Yes, Sir. Sorry, Sir! (Cantonese: 點解阿Sir係阿Sir), is a 2011 Hong Kong television drama starring Moses Chan, Linda Chung, Tavia Yeung and Ron Ng. Produced by Lau Kar Ho. Yes Sir. Sorry, Sir! is a TVB production.

"阿Sir" is a way to address both teachers and policemen. The meaning of the title is "So it turns out '阿Sir'(teacher) was an '阿Sir'(policeman)".

Plot
Despite the fact that he comes from a long line of disciplined workers, Law Yiu-wah (Moses Chan) is a teacher of a notorious school. One day, he was urged to resign after being vilified by his students as a peeping Tom.
At present, the triads have expanded their drug network at local schools. Wah, who has turned into a cop, is told to go undercover at the school where he used to teach.
At school, he is impressed by the enthusiasm of a new teacher Ho Miu-suet (Tavia Yeung). He also comes to realize he was too strict with his students in the past. With a determination to boost students’ confidence, Suet invites bowling expert Koo Ka-lam (Linda Chung) to teach bowling at the school.
When Wah learns about her triad background, he decides to go after her hoping to learn more about the triads. Wah also finds himself in a contest of wits with Inspector Ching Man-lik (Ron Ng), who has been assigned to work as a liaison officer at the school.
On one hand, Man is attracted to Suet but on the other, she only loves Wah. All of a sudden, Wah, Suet, Lam and Lik find themselves involved in a complicated love square.

Cast

Moses Chan as Law Yiu-wah
Linda Chung as Carman Koo Ka-lam
Tavia Yeung as Ho Miu-suet
Ron Ng as Nick Ching Man-lik
Ram Chiang as Poon Kwok-shing
Law Lok-lam as Chiang Hung
Joseph Lee as Ko Sun
Savio Tsang as Ngai Fung
Queenie Chu as Ceci Koo Ka-sin
Law Kwan-moon as Cheung Pak-chuen
Cilla Kung as Chung Ka-bo
Brian Chu as Mok Chak-kei
Dickson Wong as Fan Tai
Calvin Chan as Chiang Chun
Angel Chiang as Lin Li Xiang/Yumi

Awards and nominations

43rd Ming Pao Anniversary Awards 2011
 My Most Supportive Performance (Linda Chung)
 Nominated: Outstanding Actress in Television (Linda Chung)

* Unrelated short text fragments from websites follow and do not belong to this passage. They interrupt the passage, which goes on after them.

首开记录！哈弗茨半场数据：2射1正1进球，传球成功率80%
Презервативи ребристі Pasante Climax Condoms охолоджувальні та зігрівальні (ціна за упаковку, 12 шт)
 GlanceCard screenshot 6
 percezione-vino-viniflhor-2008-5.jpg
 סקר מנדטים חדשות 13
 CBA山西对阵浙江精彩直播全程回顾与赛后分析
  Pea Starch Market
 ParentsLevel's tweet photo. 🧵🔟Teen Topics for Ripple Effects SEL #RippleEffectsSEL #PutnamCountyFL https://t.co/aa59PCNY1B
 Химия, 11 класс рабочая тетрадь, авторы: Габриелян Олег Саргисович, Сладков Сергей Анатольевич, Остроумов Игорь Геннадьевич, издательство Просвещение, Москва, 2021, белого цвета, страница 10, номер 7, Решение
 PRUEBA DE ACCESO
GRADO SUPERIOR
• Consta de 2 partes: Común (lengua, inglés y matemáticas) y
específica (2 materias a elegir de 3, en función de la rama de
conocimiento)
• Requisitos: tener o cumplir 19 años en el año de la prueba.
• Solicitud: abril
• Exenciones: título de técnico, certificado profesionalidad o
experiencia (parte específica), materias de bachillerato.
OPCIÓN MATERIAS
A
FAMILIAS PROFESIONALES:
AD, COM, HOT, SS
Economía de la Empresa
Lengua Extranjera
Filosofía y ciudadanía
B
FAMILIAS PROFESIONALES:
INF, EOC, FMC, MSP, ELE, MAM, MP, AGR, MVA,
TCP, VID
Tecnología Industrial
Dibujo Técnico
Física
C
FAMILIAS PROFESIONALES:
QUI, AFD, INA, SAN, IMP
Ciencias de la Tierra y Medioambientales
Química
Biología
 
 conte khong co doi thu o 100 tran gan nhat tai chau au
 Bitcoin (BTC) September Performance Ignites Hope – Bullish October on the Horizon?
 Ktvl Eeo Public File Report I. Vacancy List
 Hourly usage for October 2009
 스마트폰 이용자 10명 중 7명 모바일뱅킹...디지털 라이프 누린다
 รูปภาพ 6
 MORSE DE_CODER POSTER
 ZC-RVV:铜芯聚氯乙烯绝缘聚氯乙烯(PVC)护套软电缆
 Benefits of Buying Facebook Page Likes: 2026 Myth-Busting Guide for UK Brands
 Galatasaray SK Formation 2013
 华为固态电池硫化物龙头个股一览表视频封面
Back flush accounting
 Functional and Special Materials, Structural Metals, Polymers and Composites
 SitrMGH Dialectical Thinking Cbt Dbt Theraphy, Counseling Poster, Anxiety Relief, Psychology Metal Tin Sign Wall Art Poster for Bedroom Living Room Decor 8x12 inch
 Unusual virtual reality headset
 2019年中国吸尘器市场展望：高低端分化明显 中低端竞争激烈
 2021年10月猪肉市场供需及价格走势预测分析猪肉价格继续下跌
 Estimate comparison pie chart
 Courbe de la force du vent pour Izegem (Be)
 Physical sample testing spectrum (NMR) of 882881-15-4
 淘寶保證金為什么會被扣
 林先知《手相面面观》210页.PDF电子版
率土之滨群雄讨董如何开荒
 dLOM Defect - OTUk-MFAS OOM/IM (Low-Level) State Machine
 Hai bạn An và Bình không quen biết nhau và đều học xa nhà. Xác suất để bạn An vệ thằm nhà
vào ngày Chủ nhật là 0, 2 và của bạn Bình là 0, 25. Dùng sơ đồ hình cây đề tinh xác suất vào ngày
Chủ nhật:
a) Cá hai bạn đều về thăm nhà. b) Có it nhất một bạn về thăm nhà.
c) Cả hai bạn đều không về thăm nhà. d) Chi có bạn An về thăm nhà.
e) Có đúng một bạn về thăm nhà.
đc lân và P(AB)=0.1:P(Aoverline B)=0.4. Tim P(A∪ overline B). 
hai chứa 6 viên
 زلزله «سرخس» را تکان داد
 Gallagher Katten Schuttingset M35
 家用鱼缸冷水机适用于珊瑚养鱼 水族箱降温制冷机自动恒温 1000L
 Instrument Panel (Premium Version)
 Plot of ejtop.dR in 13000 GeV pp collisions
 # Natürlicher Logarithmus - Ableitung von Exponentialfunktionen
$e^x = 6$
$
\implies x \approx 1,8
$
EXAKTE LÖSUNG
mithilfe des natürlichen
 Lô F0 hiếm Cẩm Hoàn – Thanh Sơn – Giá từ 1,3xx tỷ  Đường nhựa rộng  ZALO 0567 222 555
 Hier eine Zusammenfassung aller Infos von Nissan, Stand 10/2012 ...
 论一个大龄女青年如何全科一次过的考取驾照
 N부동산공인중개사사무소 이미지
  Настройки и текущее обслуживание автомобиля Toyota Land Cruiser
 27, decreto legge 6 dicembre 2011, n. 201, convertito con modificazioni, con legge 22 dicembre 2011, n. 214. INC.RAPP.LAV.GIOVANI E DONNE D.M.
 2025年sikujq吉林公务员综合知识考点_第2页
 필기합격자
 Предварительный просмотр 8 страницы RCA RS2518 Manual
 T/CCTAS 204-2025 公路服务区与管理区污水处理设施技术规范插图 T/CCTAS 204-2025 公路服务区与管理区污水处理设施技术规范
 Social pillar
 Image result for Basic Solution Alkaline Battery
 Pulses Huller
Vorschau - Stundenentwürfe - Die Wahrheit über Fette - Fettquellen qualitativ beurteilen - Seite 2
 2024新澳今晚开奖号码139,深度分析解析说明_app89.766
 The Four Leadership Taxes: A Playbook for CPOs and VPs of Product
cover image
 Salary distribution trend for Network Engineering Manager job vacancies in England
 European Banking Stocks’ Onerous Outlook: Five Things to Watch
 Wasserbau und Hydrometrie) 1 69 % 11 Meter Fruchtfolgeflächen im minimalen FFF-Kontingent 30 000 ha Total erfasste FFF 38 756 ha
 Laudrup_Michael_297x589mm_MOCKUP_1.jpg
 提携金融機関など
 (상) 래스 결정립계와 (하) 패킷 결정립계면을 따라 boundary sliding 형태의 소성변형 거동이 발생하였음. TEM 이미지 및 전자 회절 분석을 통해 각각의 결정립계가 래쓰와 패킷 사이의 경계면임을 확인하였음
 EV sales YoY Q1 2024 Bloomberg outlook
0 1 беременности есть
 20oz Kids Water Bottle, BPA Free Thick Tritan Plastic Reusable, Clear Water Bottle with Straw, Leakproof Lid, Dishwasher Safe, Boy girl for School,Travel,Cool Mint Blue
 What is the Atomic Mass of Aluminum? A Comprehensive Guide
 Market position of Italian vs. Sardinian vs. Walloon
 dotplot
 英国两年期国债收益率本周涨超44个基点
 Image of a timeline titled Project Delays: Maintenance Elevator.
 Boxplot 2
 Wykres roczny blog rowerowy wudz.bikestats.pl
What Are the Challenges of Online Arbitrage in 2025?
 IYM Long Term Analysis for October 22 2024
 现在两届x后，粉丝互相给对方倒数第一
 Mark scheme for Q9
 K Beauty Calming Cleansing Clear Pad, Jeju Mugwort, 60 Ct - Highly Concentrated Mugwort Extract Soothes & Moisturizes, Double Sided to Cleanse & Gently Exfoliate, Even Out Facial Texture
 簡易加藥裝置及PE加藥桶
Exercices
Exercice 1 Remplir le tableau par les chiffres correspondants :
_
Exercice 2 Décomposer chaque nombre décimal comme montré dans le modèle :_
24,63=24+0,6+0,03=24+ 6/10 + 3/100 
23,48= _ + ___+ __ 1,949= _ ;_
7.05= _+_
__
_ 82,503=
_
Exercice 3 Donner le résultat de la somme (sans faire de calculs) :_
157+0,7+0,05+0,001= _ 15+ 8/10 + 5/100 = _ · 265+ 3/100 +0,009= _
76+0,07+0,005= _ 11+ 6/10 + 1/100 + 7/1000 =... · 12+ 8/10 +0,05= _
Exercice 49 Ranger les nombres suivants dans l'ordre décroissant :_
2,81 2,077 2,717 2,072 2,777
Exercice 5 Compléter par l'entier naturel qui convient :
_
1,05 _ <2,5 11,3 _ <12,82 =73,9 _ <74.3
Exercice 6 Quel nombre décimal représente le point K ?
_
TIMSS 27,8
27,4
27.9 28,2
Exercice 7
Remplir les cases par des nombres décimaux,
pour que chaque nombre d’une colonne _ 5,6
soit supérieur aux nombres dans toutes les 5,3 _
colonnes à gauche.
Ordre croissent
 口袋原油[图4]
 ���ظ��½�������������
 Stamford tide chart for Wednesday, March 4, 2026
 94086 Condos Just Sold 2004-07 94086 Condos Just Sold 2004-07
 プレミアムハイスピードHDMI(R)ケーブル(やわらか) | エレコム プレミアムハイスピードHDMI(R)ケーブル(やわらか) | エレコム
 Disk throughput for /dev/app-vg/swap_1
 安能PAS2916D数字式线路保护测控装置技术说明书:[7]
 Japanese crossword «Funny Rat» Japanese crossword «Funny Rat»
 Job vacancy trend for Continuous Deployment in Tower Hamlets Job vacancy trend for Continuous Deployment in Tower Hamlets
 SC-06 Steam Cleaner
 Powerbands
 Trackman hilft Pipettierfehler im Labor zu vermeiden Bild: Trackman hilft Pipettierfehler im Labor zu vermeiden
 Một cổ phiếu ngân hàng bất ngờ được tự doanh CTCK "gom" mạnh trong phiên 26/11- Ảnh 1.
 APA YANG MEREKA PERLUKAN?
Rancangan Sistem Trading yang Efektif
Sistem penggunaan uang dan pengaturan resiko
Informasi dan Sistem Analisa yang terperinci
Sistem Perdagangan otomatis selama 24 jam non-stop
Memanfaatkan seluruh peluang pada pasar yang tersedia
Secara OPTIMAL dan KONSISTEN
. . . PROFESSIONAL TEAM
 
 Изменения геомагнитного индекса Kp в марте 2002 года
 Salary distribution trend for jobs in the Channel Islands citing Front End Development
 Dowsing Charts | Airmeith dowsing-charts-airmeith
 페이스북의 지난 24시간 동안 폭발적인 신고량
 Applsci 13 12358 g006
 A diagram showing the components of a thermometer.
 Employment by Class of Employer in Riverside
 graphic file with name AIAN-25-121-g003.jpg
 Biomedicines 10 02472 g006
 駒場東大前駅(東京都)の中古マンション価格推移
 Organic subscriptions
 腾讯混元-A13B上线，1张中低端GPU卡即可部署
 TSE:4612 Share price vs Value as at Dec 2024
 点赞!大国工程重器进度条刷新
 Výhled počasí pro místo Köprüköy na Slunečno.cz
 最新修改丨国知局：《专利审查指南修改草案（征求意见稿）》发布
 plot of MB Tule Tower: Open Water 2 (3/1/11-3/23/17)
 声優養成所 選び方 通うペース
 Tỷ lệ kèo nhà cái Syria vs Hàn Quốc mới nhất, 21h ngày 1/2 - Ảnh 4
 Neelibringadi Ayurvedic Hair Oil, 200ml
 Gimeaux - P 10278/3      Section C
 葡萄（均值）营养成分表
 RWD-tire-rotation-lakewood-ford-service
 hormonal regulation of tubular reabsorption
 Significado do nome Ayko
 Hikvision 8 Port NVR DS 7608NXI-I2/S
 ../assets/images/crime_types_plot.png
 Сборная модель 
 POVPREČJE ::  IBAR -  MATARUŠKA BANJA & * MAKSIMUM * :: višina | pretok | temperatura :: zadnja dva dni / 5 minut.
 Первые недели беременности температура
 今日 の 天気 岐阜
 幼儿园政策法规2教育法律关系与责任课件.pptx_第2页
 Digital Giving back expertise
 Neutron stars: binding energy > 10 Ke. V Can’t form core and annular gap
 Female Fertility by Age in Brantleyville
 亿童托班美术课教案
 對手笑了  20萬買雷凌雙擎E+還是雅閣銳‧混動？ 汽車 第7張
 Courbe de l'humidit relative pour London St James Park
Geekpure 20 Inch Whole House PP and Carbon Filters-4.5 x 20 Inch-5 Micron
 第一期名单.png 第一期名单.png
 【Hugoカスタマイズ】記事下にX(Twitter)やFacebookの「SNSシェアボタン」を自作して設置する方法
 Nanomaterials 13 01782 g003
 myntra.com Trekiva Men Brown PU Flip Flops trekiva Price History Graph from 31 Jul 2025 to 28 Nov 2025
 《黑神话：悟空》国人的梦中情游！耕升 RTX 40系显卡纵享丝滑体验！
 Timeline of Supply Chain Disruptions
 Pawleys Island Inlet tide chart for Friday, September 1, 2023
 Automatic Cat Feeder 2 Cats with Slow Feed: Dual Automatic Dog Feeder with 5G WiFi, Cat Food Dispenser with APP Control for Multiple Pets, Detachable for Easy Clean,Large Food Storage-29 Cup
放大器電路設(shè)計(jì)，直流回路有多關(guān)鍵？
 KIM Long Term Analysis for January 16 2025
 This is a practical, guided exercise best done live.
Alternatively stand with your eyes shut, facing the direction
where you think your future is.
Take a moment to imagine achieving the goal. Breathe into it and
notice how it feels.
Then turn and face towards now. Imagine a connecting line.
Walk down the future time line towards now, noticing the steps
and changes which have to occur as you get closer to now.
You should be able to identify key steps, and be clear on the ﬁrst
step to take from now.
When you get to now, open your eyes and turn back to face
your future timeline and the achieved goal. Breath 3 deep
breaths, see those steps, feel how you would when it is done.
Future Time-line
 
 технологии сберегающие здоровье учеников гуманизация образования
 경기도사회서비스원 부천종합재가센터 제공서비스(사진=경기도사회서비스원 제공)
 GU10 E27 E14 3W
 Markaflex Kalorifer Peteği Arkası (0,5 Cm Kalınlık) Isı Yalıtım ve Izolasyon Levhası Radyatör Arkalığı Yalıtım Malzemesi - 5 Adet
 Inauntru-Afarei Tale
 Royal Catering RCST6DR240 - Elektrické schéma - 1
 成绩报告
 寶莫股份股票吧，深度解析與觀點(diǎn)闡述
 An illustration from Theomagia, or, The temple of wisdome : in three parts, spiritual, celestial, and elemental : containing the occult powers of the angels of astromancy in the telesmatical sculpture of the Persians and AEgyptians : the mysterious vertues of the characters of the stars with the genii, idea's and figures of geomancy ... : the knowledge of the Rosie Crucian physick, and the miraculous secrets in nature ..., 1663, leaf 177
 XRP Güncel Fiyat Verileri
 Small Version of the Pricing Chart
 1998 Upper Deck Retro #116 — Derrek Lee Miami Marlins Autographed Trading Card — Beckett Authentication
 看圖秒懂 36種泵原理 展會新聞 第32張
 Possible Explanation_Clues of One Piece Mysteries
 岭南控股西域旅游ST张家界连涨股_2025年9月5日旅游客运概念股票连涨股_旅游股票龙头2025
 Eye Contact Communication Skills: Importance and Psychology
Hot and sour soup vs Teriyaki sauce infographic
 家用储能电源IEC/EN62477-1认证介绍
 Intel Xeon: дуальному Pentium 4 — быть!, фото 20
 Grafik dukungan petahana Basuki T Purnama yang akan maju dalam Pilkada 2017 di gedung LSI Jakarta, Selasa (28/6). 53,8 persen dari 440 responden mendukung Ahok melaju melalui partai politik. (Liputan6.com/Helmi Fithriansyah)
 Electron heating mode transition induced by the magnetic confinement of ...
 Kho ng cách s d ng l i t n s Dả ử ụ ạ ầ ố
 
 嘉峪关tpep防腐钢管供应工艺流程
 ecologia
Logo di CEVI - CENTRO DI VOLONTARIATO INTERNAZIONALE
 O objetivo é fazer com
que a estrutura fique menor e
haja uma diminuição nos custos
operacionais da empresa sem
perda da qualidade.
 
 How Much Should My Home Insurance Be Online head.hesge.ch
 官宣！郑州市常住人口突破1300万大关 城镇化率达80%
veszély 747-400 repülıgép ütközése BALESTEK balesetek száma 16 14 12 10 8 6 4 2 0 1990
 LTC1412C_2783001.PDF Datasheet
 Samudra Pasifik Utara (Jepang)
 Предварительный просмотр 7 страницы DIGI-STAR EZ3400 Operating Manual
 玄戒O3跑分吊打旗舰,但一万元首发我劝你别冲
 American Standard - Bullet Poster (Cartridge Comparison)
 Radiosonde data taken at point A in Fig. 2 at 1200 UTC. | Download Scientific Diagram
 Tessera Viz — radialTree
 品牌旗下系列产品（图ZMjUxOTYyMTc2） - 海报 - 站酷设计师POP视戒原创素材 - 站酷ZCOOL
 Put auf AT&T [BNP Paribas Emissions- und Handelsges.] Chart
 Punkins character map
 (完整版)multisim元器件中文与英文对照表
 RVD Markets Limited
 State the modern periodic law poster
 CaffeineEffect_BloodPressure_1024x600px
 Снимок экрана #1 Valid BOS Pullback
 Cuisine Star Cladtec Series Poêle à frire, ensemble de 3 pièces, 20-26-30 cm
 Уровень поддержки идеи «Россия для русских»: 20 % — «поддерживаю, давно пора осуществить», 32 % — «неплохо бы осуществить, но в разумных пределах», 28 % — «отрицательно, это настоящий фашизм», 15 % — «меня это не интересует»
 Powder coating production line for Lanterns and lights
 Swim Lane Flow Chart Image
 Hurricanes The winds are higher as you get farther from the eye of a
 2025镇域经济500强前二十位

45th TVB Anniversary Awards 2011
  Won: Most Improved Male Artiste (Jin Au-yeung) 
 Nominated: Best Drama (Top 5)
 Nominated: Best Actor (Moses Chan) Top 5
 Nominated: Best Actress (Linda Chung) Top 5
 Nominated: Best Supporting Actor (Lok-lam Law)
 Nominated: Best Supporting Actress (Queenie Chu)
 Nominated: My Favourite Male Character (Moses Chan)
 Nominated: My Favourite Female Character (Linda Chung) Top 5
 Nominated: Most Improved Female Artiste (Cilia Kung)

16th Asian Television Awards 2011
 Nominated: Best Comedy Performance by an Actor/Actress (Moses Chan)

Viewership ratings

<Yes Sir, Sorry Sir> in Episode 27, When Linda Chung < Miss Koo> crumble, Average Points 34 and Peaking Points 38

International Broadcast
  - 8TV (Malaysia)

Notes
a  The original title "點解阿Sir係阿Sir" was actually written in Cantonese; the title of the drama could be translated in Mandarin as "為何阿Sir是阿Sir"

References

External links
TVB.com Yes Sir, Sorry Sir - Official Website 
K for TVB English Synopsis 

TVB dramas
2011 Hong Kong television series debuts
2011 Hong Kong television series endings
Triad (organized crime)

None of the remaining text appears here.